Assigned task — Reproduce all entries below verbatim. Skip the pictures.

Provided data —
··········
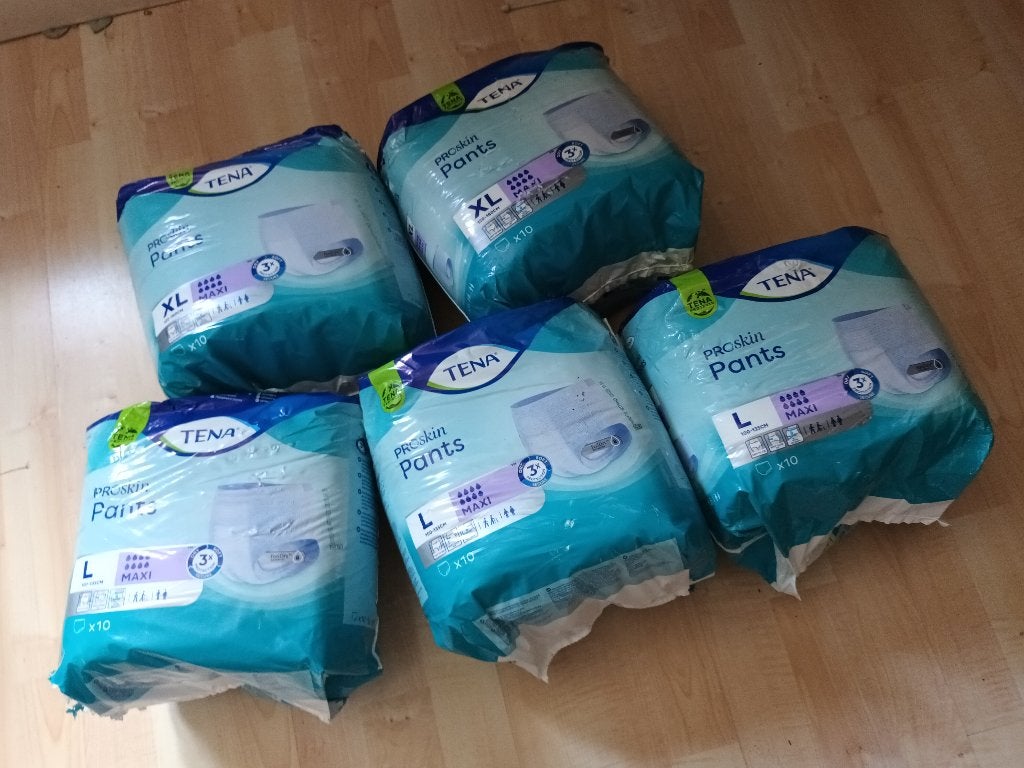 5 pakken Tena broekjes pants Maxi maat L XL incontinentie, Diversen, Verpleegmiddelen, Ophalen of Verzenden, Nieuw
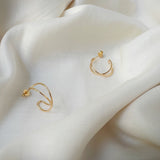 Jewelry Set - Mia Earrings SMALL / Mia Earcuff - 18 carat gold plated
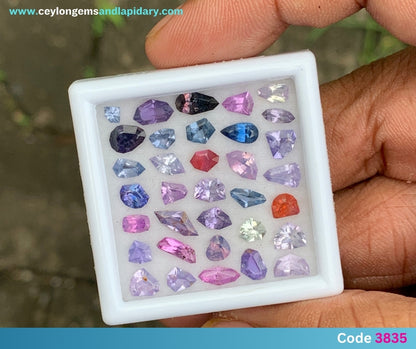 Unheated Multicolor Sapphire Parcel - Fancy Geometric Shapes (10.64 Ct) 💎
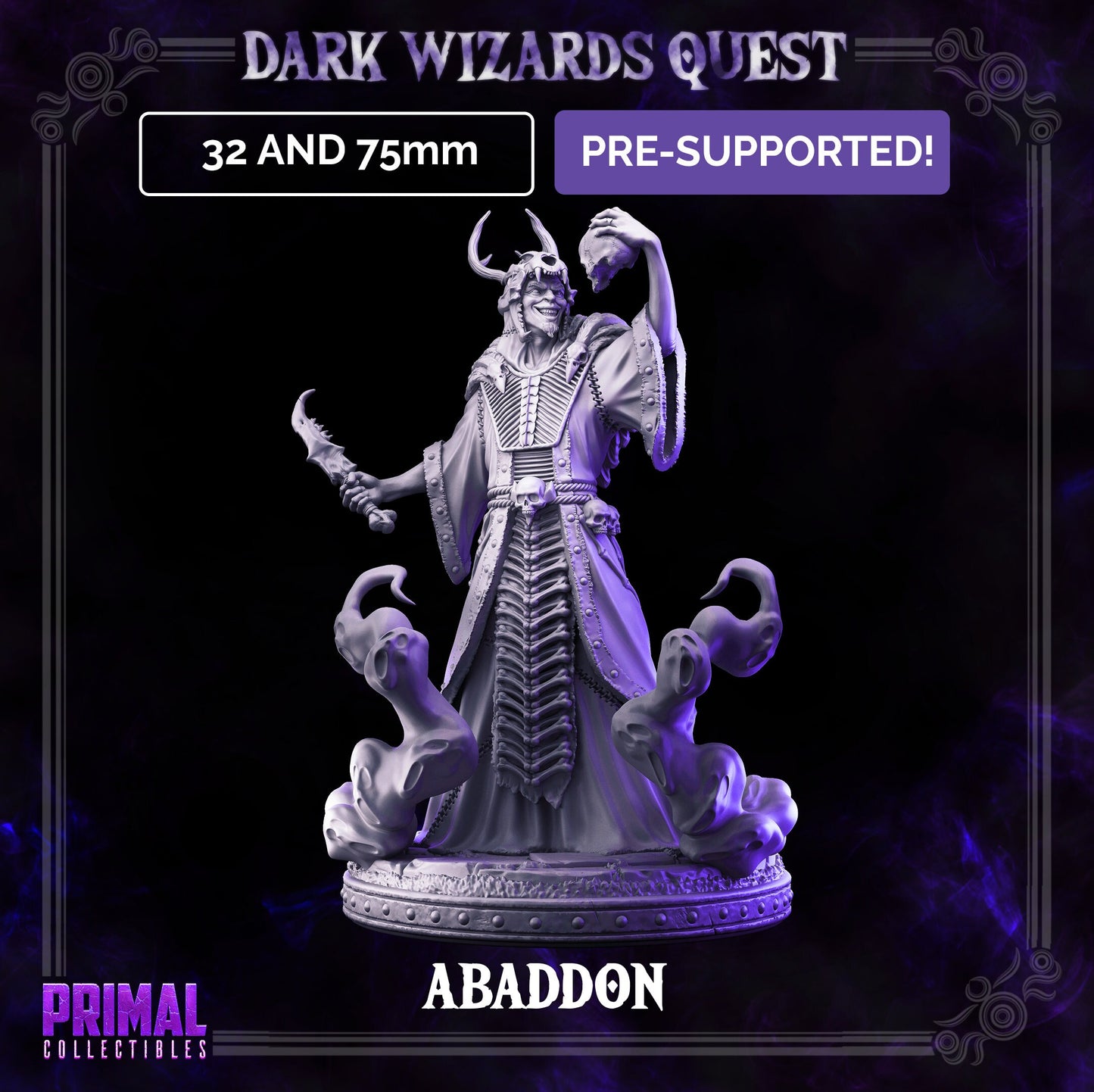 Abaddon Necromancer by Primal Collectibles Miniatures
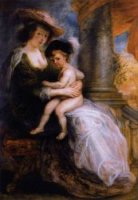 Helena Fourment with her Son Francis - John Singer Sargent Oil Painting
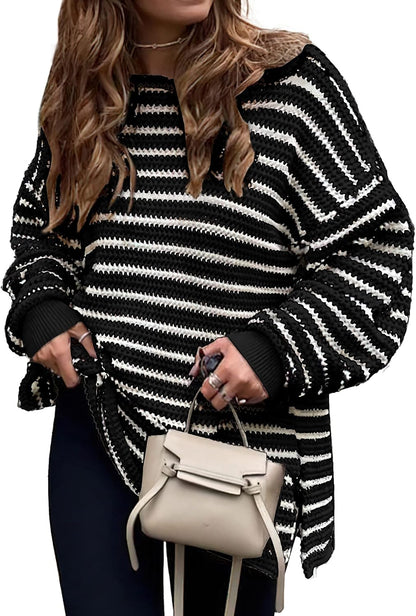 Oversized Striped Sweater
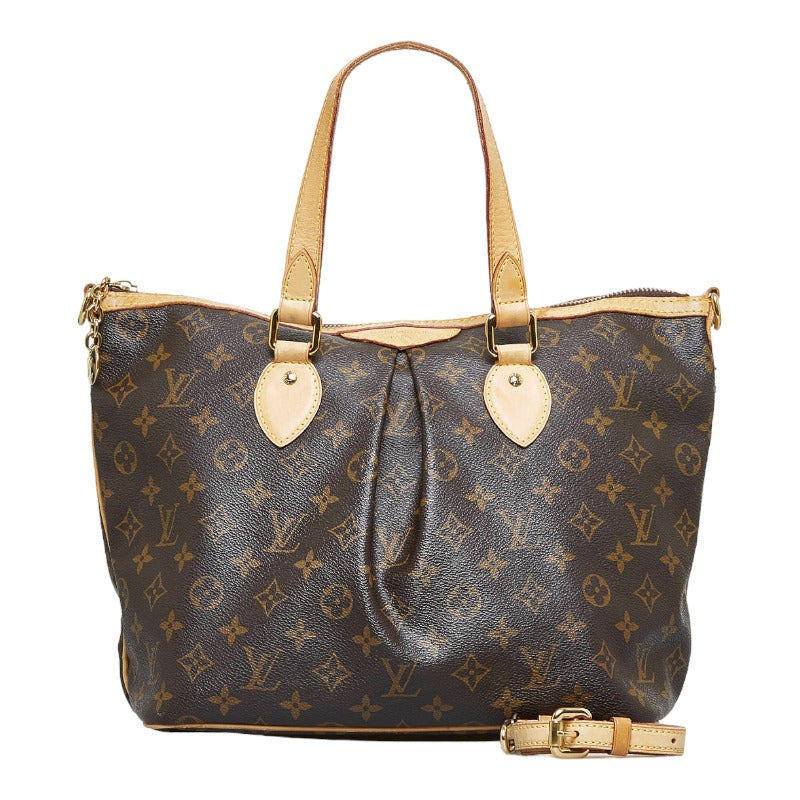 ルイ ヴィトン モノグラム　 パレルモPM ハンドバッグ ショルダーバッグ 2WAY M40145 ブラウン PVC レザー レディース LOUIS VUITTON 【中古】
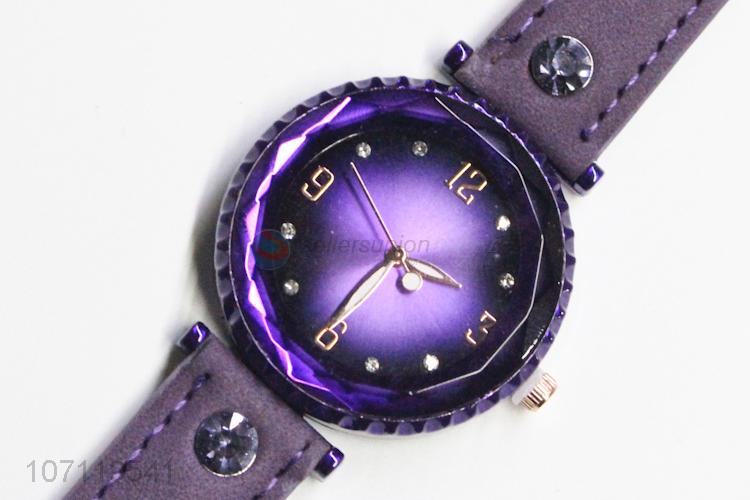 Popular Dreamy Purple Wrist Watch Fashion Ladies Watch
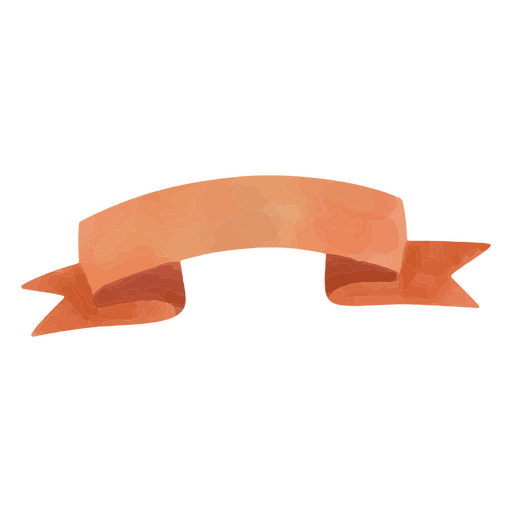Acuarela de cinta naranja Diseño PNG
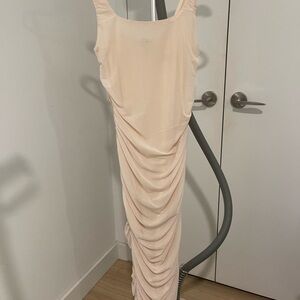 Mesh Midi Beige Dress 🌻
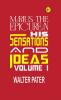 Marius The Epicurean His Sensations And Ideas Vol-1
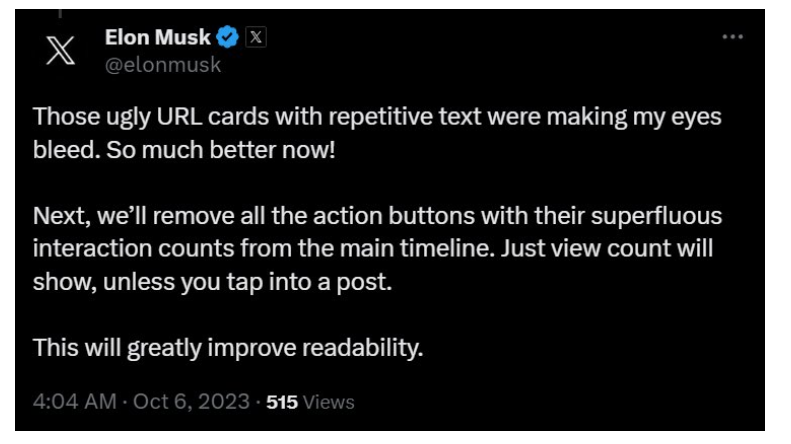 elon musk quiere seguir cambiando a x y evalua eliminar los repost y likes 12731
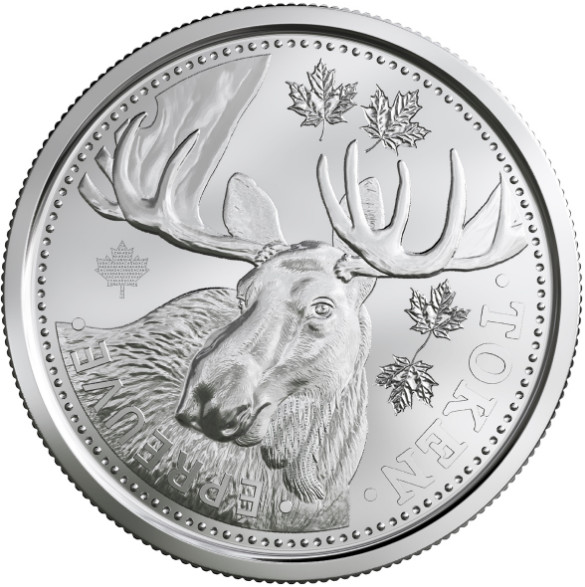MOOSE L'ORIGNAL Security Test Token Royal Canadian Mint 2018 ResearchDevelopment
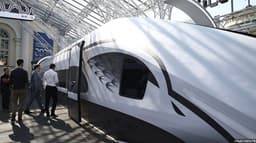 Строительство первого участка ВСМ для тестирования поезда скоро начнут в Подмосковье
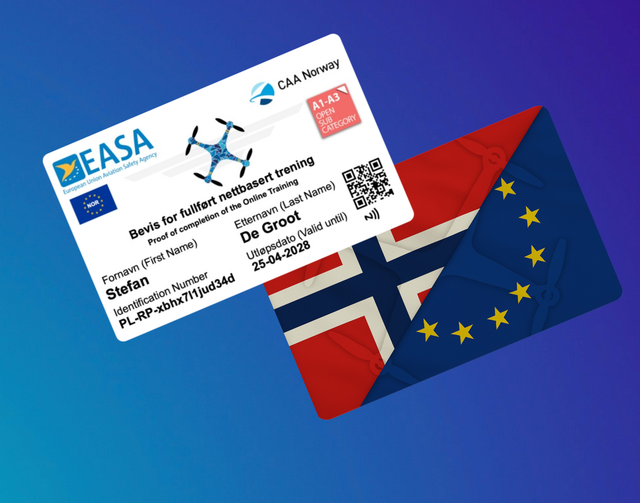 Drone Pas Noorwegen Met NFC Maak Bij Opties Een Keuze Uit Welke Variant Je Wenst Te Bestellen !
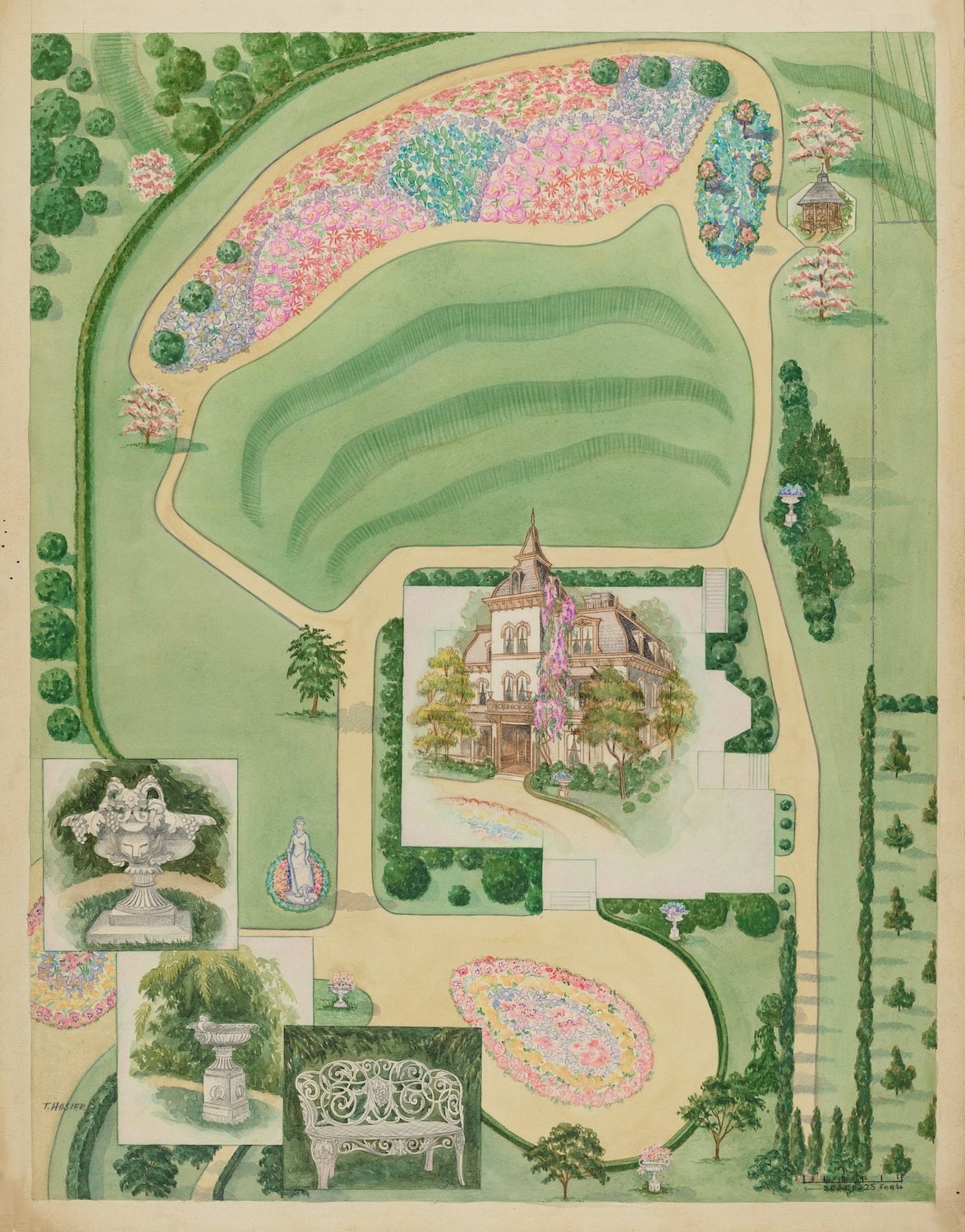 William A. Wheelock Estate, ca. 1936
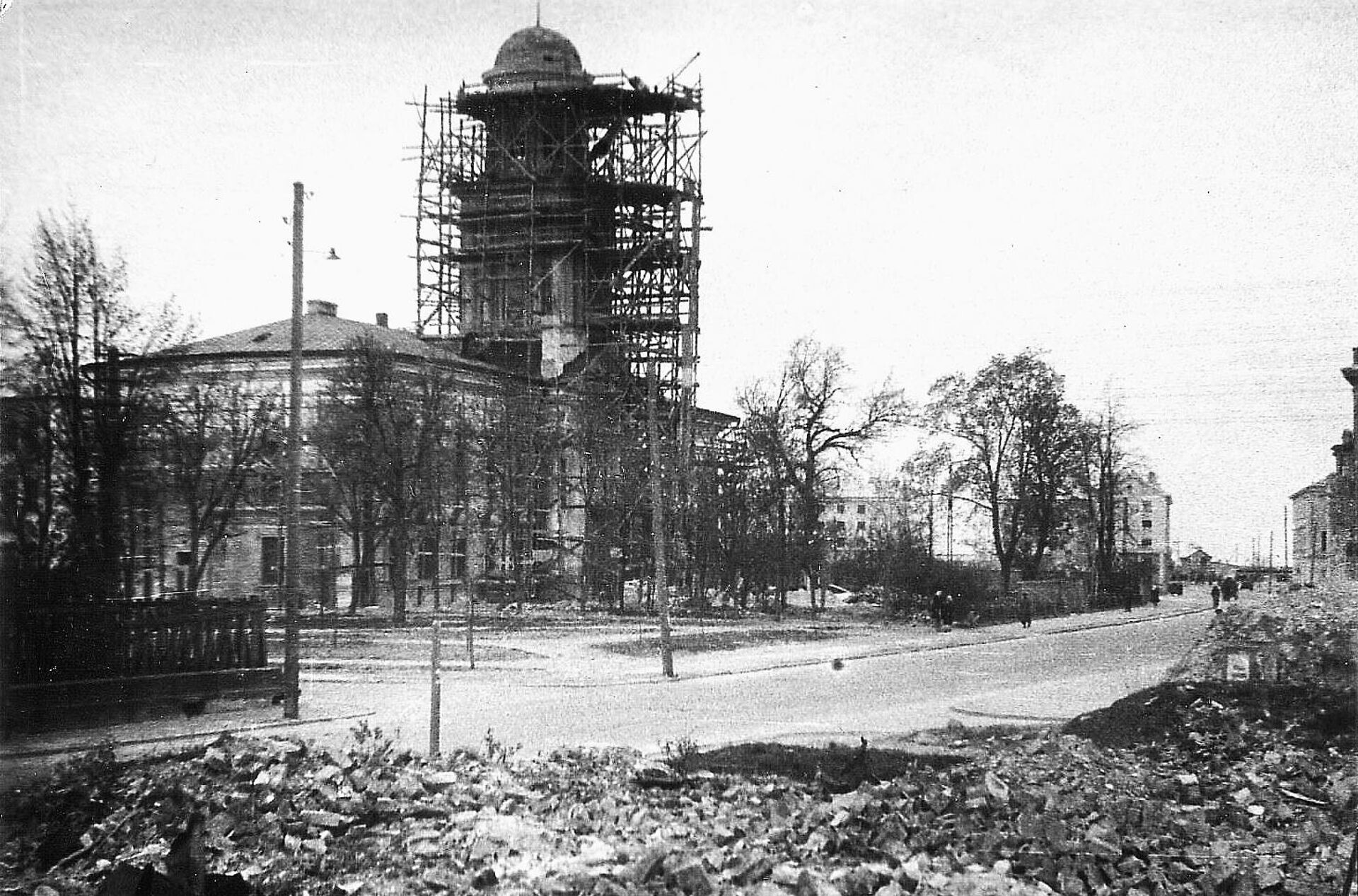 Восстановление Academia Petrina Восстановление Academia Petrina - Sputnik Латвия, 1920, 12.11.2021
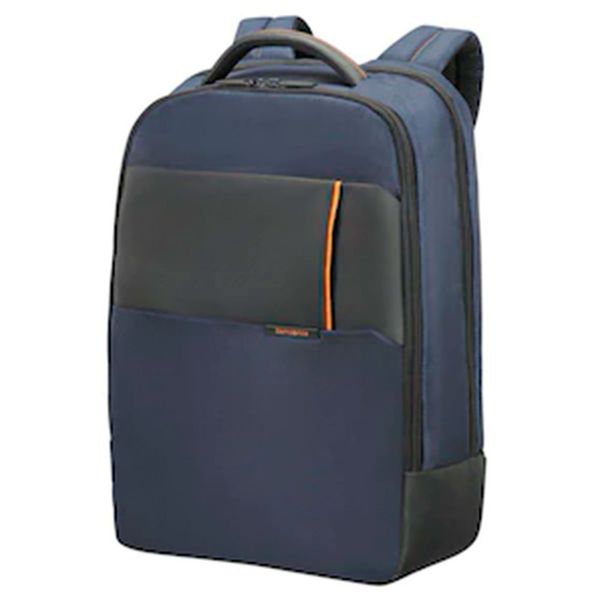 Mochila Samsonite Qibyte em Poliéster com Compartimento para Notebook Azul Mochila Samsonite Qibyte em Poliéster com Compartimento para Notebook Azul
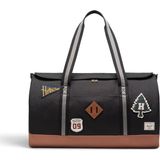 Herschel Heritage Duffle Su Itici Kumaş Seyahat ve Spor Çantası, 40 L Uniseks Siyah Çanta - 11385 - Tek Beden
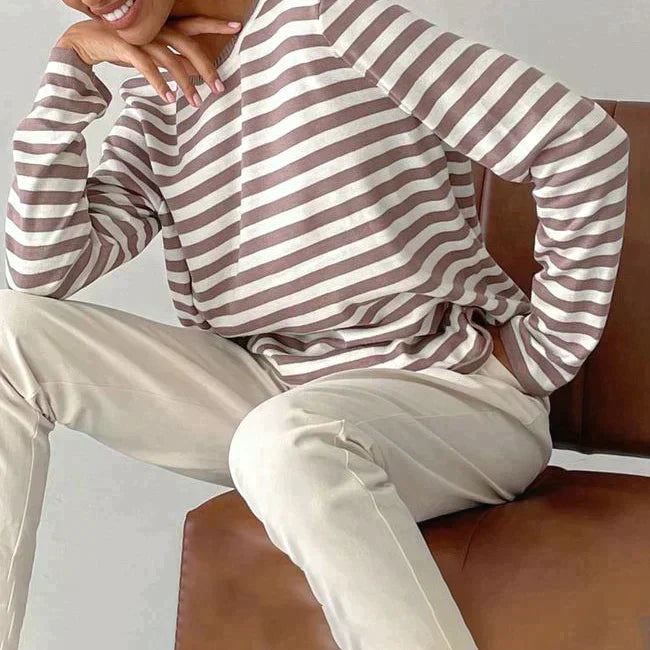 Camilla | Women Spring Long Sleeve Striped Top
··········
Exercise answer —
 5 pakken Tena broekjes pants Maxi maat L XL incontinentie, Diversen, Verpleegmiddelen, Ophalen of Verzenden, Nieuw
 Jewelry Set - Mia Earrings SMALL / Mia Earcuff - 18 carat gold plated
 Unheated Multicolor Sapphire Parcel - Fancy Geometric Shapes (10.64 Ct) 💎
 Abaddon Necromancer by Primal Collectibles Miniatures
 Helena Fourment with her Son Francis - John Singer Sargent Oil Painting
 Oversized Striped Sweater
 ルイ ヴィトン モノグラム　 パレルモPM ハンドバッグ ショルダーバッグ 2WAY M40145 ブラウン PVC レザー レディース LOUIS VUITTON 【中古】
 Popular Dreamy Purple Wrist Watch Fashion Ladies Watch
Acuarela de cinta naranja Diseño PNG
 Mesh Midi Beige Dress 🌻
 Marius The Epicurean His Sensations And Ideas Vol-1
 elon musk quiere seguir cambiando a x y evalua eliminar los repost y likes 12731
MOOSE L'ORIGNAL Security Test Token Royal Canadian Mint 2018 ResearchDevelopment
 Строительство первого участка ВСМ для тестирования поезда скоро начнут в Подмосковье
 Drone Pas Noorwegen Met NFC Maak Bij Opties Een Keuze Uit Welke Variant Je Wenst Te Bestellen !
 William A. Wheelock Estate, ca. 1936
 Восстановление Academia Petrina Восстановление Academia Petrina - Sputnik Латвия, 1920, 12.11.2021
 Mochila Samsonite Qibyte em Poliéster com Compartimento para Notebook Azul Mochila Samsonite Qibyte em Poliéster com Compartimento para Notebook Azul
 Herschel Heritage Duffle Su Itici Kumaş Seyahat ve Spor Çantası, 40 L Uniseks Siyah Çanta - 11385 - Tek Beden
 Camilla | Women Spring Long Sleeve Striped Top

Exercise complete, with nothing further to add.